DATASET RECORDS START
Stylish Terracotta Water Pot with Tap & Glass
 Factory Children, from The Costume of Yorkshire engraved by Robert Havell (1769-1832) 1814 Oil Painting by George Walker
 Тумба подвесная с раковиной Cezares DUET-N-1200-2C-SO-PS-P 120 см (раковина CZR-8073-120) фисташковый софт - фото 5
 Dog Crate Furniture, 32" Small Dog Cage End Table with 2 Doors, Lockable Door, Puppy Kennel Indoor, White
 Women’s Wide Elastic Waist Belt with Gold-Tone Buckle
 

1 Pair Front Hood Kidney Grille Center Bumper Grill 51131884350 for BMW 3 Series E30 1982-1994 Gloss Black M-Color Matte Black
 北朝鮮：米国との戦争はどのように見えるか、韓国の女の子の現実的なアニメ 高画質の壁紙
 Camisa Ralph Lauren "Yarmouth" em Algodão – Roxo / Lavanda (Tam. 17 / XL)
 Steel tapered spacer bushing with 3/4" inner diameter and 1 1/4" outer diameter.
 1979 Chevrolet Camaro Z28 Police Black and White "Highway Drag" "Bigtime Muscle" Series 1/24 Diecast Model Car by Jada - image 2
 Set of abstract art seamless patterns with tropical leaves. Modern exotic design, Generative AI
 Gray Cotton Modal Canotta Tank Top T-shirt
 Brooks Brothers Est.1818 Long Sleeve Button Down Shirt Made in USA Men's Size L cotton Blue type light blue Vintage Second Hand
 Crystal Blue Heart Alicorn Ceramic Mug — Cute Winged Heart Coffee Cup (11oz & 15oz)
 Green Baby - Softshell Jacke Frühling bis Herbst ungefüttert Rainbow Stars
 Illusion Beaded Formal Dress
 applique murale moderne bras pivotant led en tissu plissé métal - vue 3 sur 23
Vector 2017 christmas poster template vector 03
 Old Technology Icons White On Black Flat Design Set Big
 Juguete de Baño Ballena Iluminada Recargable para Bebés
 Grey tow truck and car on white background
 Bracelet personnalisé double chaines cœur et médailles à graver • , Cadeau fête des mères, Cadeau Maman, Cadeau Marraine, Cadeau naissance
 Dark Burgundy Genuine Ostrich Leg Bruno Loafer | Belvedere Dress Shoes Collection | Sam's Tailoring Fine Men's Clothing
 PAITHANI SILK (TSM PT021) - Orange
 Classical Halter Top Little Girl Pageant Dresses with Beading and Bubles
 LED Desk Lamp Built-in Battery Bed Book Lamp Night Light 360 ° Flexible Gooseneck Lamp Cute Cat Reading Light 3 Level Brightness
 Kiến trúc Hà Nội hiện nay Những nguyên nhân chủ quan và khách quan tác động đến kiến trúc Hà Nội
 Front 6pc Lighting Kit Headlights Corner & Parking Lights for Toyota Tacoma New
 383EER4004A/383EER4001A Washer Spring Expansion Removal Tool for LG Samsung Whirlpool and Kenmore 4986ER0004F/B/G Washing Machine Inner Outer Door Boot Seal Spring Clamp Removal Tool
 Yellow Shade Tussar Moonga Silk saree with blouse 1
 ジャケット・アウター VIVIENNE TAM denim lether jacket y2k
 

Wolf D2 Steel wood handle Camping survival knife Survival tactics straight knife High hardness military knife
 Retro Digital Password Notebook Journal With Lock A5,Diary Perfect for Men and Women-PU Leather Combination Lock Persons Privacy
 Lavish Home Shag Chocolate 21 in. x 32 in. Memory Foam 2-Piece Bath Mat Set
DATASET RECORDS END
▶ _ACTIVITY_
Exact reproduction is required. Give the lines of the data from its first line through the line containing "Тумба подвесная с", and no others.

▶ _TASK SOLUTION_
Stylish Terracotta Water Pot with Tap & Glass
 Factory Children, from The Costume of Yorkshire engraved by Robert Havell (1769-1832) 1814 Oil Painting by George Walker
 Тумба подвесная с раковиной Cezares DUET-N-1200-2C-SO-PS-P 120 см (раковина CZR-8073-120) фисташковый софт - фото 5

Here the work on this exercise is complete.